In a revalidation video (watch the video below), the RCGP's medical director for revalidation Professor Mike Pringle outlined that GPs who have taken a career break will still be involved in the revalidation process.
He said after a career break a GP should be able to submit an ordinary portfolio if they have had at least three years of appraisals in a five-year cycle, have kept up to date for at least three years and have at least 200 half-day clinical sessions over the five years.

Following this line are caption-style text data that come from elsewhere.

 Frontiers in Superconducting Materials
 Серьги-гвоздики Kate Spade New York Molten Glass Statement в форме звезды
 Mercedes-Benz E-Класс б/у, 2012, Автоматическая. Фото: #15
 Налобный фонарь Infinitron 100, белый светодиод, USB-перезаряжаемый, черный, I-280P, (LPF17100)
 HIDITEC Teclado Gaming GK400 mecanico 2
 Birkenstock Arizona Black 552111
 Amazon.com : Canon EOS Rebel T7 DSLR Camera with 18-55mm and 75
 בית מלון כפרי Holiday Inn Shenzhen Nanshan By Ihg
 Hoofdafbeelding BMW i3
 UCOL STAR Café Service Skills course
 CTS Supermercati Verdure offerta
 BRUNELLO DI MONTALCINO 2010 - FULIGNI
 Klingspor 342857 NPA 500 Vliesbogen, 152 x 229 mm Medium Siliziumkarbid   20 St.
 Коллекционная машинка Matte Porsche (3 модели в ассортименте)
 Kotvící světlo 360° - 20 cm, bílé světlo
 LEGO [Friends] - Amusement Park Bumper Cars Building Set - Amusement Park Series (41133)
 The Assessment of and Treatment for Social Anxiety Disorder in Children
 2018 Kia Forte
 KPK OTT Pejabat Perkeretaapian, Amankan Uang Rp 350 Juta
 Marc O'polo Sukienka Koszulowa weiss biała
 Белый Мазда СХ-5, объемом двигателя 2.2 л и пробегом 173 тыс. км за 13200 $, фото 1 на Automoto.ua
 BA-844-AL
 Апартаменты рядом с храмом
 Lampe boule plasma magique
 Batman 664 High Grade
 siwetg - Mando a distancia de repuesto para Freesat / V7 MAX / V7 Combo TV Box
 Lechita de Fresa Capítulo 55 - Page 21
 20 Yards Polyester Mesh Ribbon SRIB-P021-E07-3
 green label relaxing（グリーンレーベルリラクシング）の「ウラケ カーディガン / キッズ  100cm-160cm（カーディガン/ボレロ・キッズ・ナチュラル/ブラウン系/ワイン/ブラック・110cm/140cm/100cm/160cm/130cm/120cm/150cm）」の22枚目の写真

Professor Pringle said where a GP cannot meet these requirements they should put forward any evidence they have to the responsible officer, who may then consult with the RCGP or the GMC.
He said: ‘We recognise that there are many people who have career breaks for one reason or another; be it pregnancy, childcare, illness, or working overseas.
‘It's very important that revalidation doesn't disadvantage those people and yet, of course, we have to make sure that everyone who is working as a GP is up to date and fit to practice.'
Professor Pringle also said it would not be the ‘end of the world' if a doctor had their licence discontinued because they are out of practice at the time their licence comes up for revalidation.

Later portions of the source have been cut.